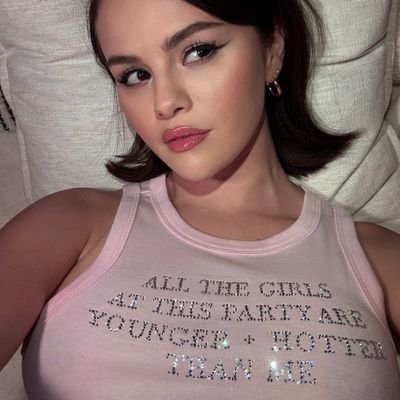 revival_sm's profile picture. Selena e Taylor ♥️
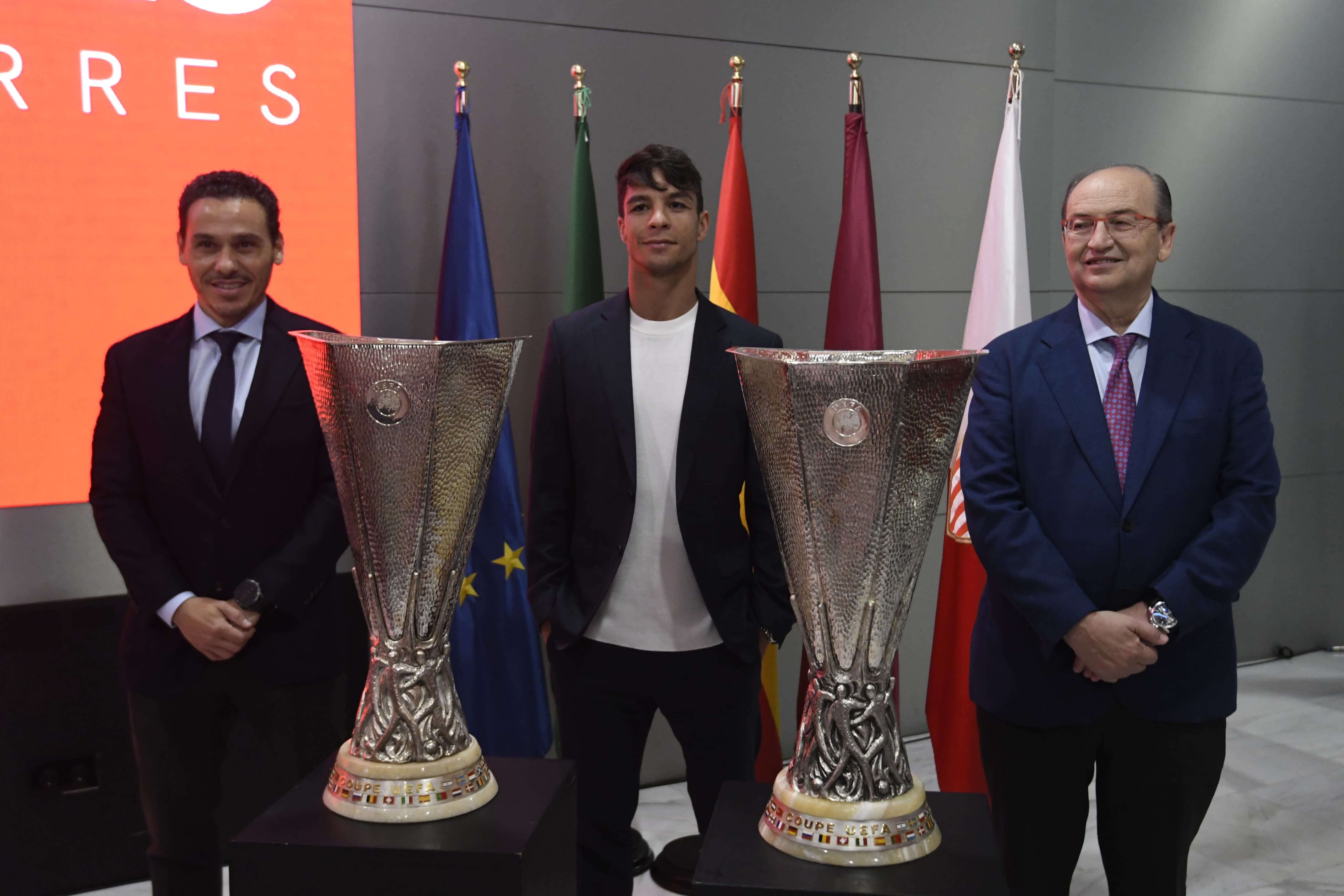  Óliver Torres posa junto a las dos Europa Leagues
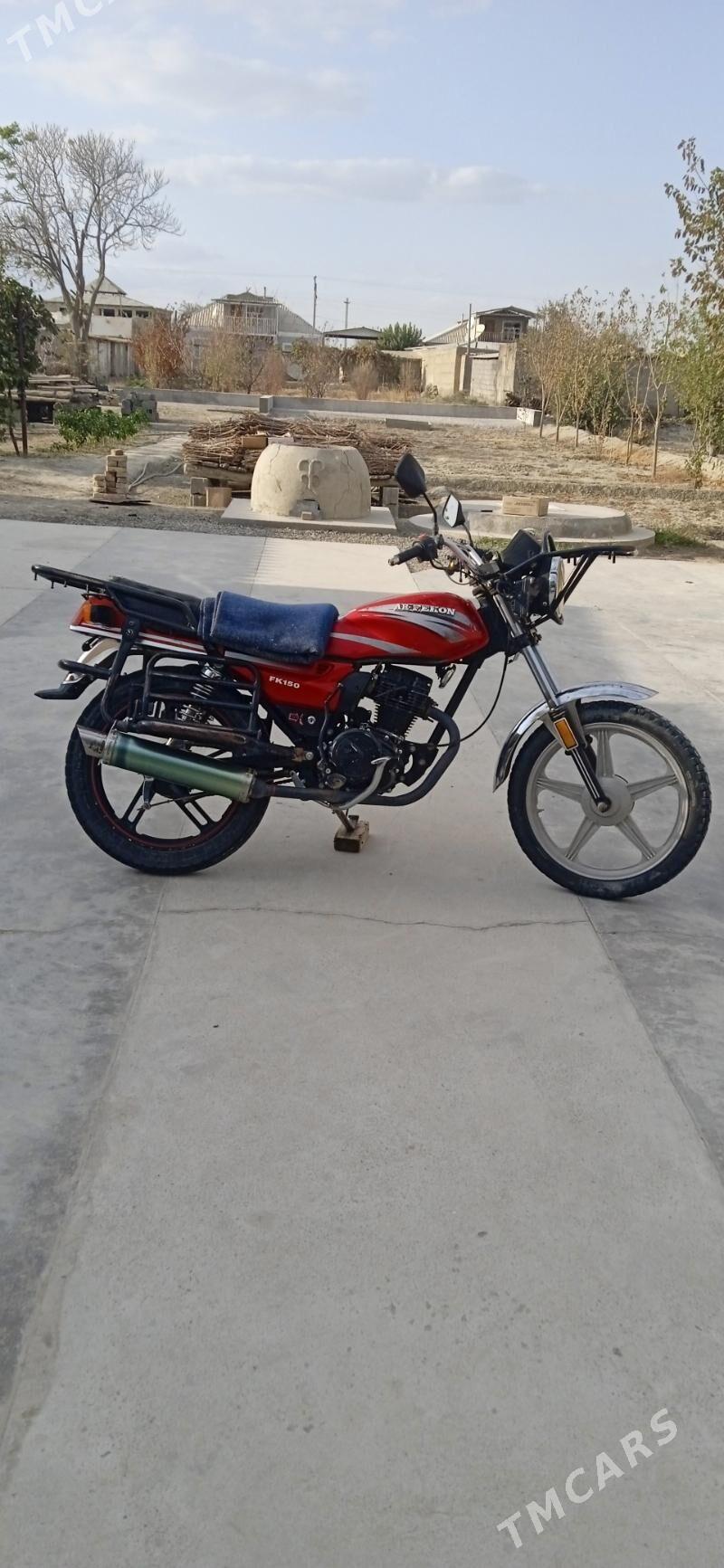 Fekon FK150-8G 2017 - 13 000 TMT - Bäherden - img 1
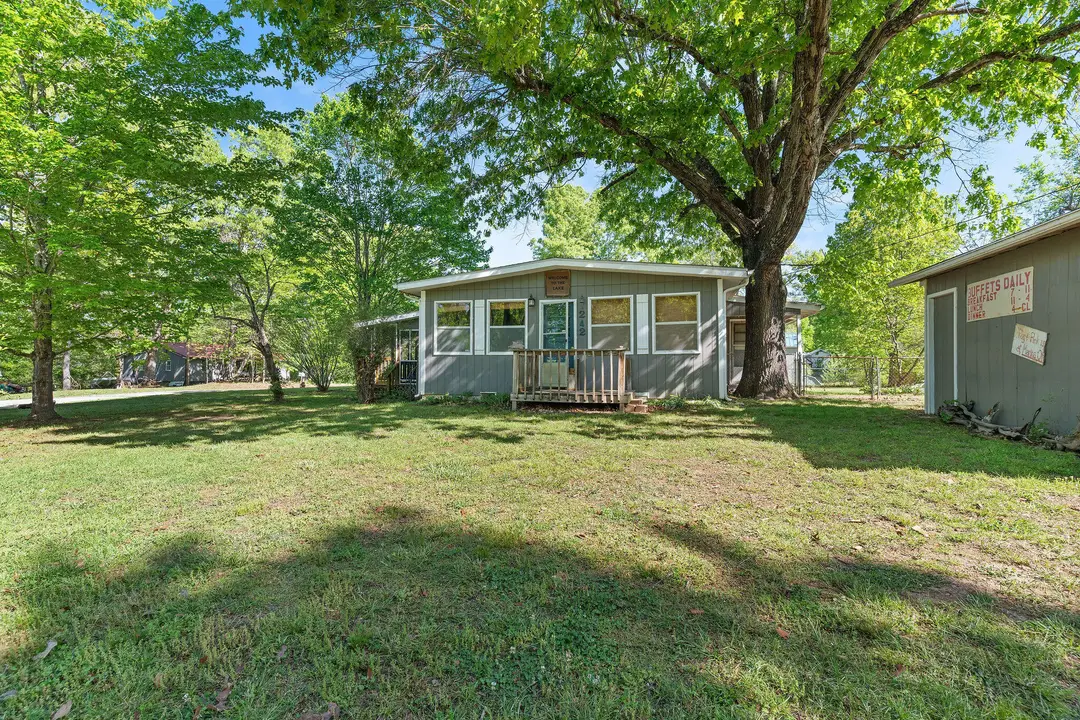 242 Gregory Road — photo 3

▸ ACTIVITY
Your job is to reproduce the material exactly. Keep pictures out of it.

▸ RESPONSE TO THIS TASK
 revival_sm's profile picture. Selena e Taylor ♥️
  Óliver Torres posa junto a las dos Europa Leagues
 Fekon FK150-8G 2017 - 13 000 TMT - Bäherden - img 1
 242 Gregory Road — photo 3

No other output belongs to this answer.